How my book structure got temporarily derailed

One longer-term objective of Upstarta has been to bring out a book. Having done previous analysis of the publishing industry and its effective benefits to authors (or the lack thereof – I might do a post on that some time!) I decided to self-publish. After all, shelf space is rare anyway but you can get your Lulu book to Amazon without hassle. What an expiring writer also needs is some project management to keep an eye on time, progress and structure: in summary, a good editor!

In April I had a rare opportunity to meet face-to-face with an editor-friend (we literally live on opposite sides of the planet), and while reviewing content is easy to do online, discussing structure is much easier in-person. We came up with this rough section layout:

  1. product development
  2. funding
  3. sales
  4. physical environment / ecology… people: clients & staff
  5. case studies

This looked entirely sensible.
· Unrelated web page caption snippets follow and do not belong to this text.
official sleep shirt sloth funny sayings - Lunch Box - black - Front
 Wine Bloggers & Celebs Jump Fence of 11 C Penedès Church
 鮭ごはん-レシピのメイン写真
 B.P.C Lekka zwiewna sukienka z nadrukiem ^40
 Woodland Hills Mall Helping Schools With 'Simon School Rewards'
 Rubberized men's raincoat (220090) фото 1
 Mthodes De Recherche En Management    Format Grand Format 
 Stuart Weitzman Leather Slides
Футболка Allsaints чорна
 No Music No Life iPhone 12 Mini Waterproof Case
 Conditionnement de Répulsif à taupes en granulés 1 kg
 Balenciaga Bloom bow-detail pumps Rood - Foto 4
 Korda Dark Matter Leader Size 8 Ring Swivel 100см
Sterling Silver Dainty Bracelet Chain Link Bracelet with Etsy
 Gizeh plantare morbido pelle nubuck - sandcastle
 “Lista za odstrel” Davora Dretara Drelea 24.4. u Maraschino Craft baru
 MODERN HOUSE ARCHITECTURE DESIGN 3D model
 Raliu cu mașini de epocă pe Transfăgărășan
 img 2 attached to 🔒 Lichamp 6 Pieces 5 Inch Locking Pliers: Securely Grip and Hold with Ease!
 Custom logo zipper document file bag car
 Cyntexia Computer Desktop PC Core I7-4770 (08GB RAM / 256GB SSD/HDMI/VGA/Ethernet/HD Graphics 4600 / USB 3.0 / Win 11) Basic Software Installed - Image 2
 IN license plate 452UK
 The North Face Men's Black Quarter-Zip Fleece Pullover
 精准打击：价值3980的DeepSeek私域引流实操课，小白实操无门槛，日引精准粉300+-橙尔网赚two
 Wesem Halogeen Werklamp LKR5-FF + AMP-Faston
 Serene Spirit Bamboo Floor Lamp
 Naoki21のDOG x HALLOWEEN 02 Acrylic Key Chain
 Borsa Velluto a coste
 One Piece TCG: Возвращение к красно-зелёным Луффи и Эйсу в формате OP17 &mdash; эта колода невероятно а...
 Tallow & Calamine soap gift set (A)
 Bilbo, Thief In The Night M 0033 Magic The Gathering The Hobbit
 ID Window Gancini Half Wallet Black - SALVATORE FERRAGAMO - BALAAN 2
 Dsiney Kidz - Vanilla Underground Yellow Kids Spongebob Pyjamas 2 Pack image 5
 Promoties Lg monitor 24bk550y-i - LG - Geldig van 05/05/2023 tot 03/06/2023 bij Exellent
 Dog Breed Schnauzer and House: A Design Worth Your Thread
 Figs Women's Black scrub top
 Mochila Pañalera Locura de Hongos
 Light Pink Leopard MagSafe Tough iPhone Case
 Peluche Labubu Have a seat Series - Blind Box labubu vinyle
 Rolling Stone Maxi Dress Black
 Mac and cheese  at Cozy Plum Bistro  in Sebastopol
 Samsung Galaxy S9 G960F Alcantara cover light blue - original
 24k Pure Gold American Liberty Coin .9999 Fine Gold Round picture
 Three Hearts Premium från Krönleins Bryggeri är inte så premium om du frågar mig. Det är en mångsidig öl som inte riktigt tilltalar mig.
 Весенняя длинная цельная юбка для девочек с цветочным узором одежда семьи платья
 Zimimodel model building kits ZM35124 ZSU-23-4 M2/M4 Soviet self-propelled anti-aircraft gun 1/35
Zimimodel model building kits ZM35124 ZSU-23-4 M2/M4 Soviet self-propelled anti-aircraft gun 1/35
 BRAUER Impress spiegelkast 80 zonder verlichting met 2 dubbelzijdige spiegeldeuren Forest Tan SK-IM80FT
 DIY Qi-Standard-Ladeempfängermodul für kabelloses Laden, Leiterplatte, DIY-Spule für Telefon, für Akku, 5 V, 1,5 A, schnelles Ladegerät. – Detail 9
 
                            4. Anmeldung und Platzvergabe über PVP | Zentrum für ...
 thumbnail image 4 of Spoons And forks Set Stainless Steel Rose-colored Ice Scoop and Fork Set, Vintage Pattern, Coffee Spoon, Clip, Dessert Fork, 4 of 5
But then somehow I got stuck fitting the content in to there, and worked out only months later that the above had something to do with it. This is not how disruptive non-funded businesses start! Instead it follows the flow of traditional businesses; and it’s exactly that process causing problems which Upstarta addresses…

The actual Upstarta process is not quite linear, but it can be described in chunks and some concepts should be dealt with before others. So while I love my wiki (it’s the visual-spatial thinker in me), it can be molded into a book.

The lesson is that it’s very easy to fall back in to “classic” thinking patterns, and you may not realise for quite a while that you actually did – meanwhile several layers of decisions get built on top. It can really mess with things, and in essence waste valuable time and often also money. In some cases, it might not even be fixable any more. The “getting stuck” was a pattern I should have questioned in more detail straight when it occurred. In this case it’ll be ok, just cost some time.

Drive: The surprising truth about what motivates us

This lively RSA Animate (10 mins video), adapted from Dan Pink’s talk at the RSA, illustrates the hidden truths behind what really motivates us at home and in the workplace.

One key lesson is that more pay does not motivate, it just needs to be enough to take the money factor off the table.

Small is Beautiful

I’ve recently started re-reading an old book that seems appropriate to the ideals of Upstarta.

It is ‘Small Is Beautiful’ by E.F.Schumacher. Subtitled ‘A study of economics as if people mattered’, this book was written in 1973 and seems even more appropriate given the recent financial state of the world. If Schumacher was alive he’d be pointing to this book and saying ‘I told you so!’

Schumacher covers many topics from conservation, macro, micro and Buddhist economics through to forms of ownership and government, but of most interest to startups would be the final chapters. In the last chapter he takes an in depth look at a business started in 1951 called the Scott Bader Commonwealth. The rules for this business were as follows (edited for brevity):

First: The firm shall remain of limited size. No greater than 350 people or so. When it grew beyond this due to demand, new independent businesses were to be created.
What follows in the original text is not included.